### [About this task]
What you return should match the data word for word, minus the images.

======== Material provided

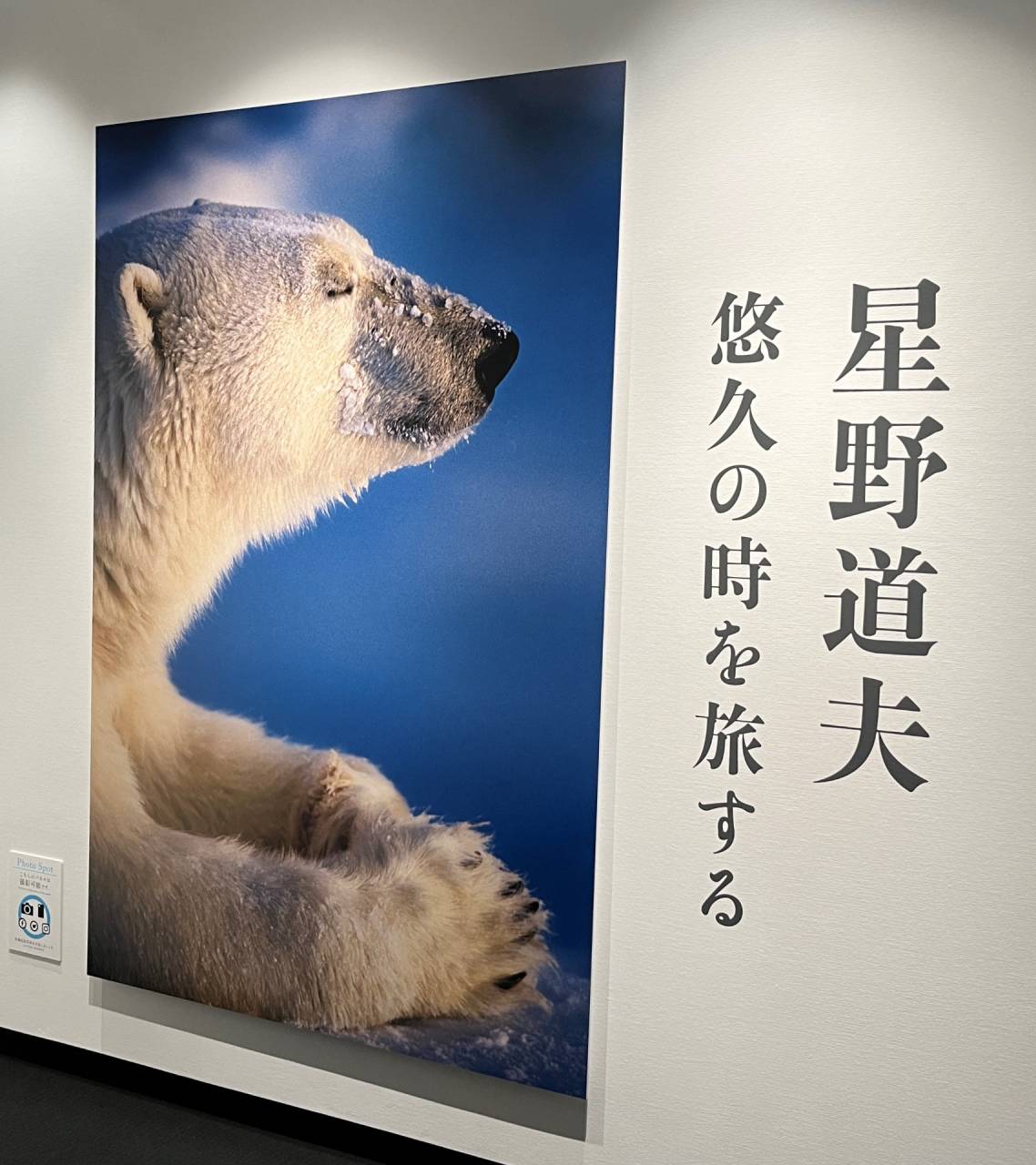 名入れ無料】 写真家 武藤先生 アラスカ熊H12 絵画/タペストリ
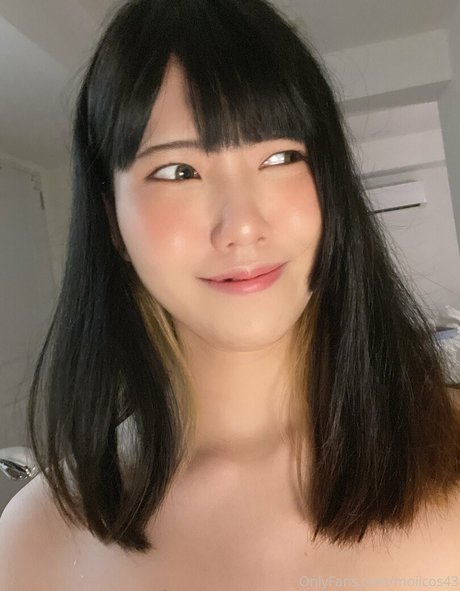 Moiicos43 best model image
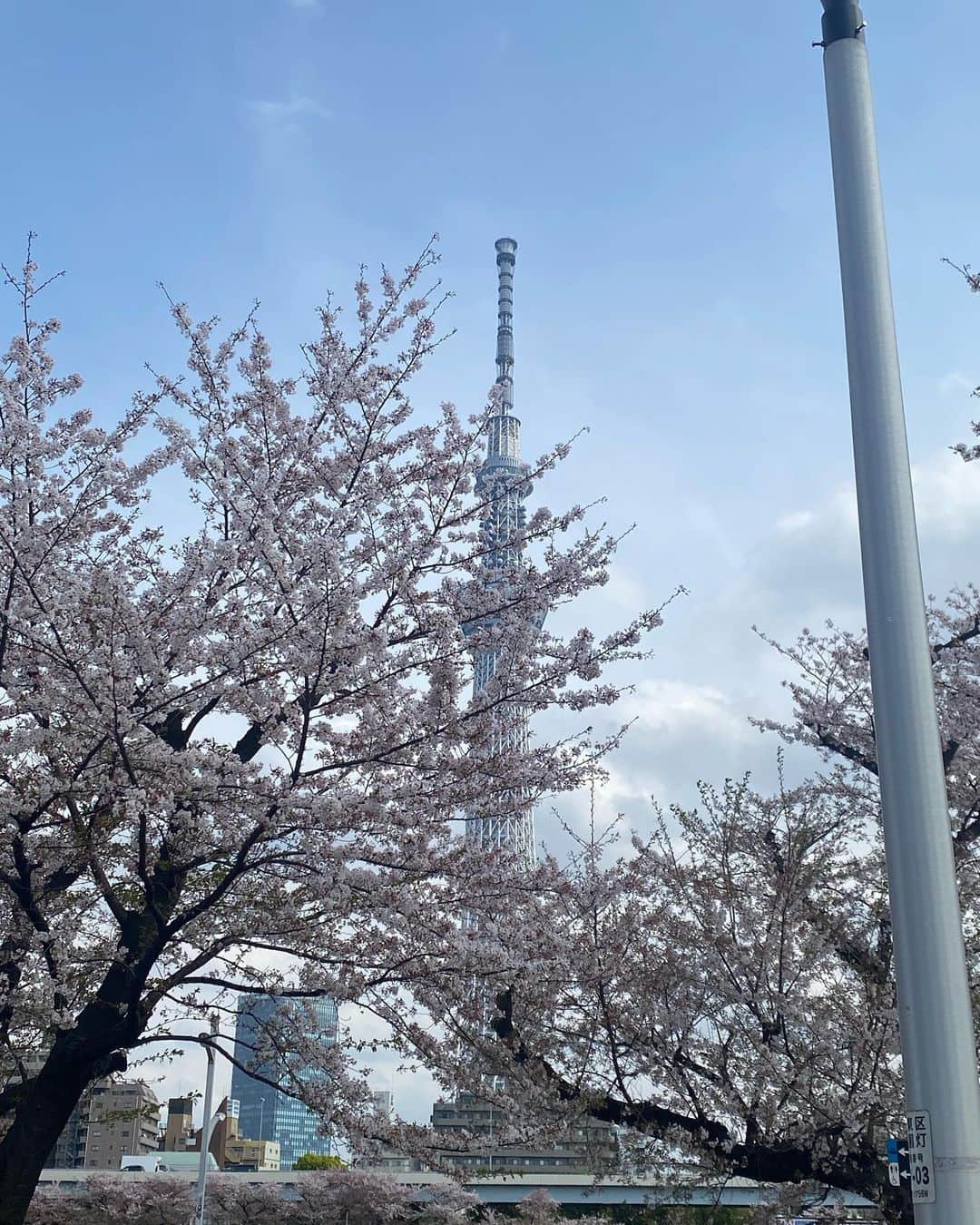 伊沢千夏さんのインスタグラム写真 - (伊沢千夏Instagram)「桜の思い出〜🌸 今年もたくさんお花見しましたわ🌸日本には素敵なところがいっぱいありますね🤭✨」4月22日 0時47分 - izawachinatsuofficial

================

### [Output for this task]
 名入れ無料】 写真家 武藤先生 アラスカ熊H12 絵画/タペストリ
 Moiicos43 best model image
 伊沢千夏さんのインスタグラム写真 - (伊沢千夏Instagram)「桜の思い出〜🌸 今年もたくさんお花見しましたわ🌸日本には素敵なところがいっぱいありますね🤭✨」4月22日 0時47分 - izawachinatsuofficial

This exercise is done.